Raw data >>
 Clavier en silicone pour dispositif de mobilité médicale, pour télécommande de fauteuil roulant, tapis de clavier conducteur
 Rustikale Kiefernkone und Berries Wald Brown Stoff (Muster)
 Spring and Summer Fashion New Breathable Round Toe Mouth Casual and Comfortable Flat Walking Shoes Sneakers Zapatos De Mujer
--
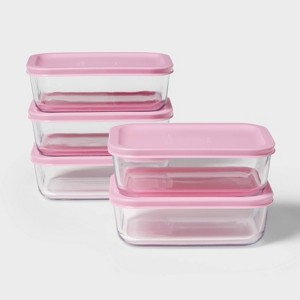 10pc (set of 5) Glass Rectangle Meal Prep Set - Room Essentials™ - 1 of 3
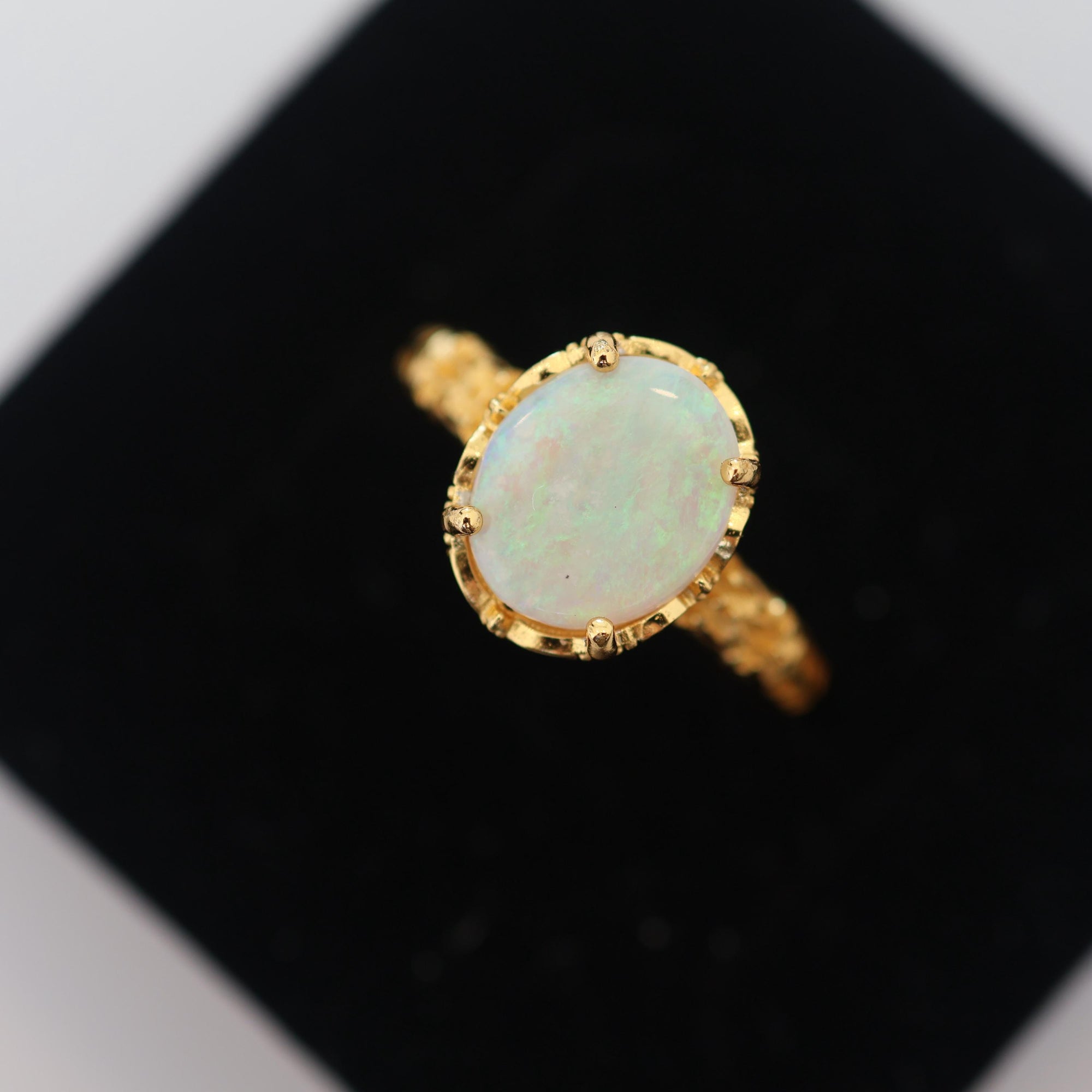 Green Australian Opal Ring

Assignment >>
Without the pictures, set down the lines above from the line with "10pc (set of" up to and including the line with "Green Australian Opal Ring" exactly as they stand.

Completed exercise >>
 10pc (set of 5) Glass Rectangle Meal Prep Set - Room Essentials™ - 1 of 3
 Green Australian Opal Ring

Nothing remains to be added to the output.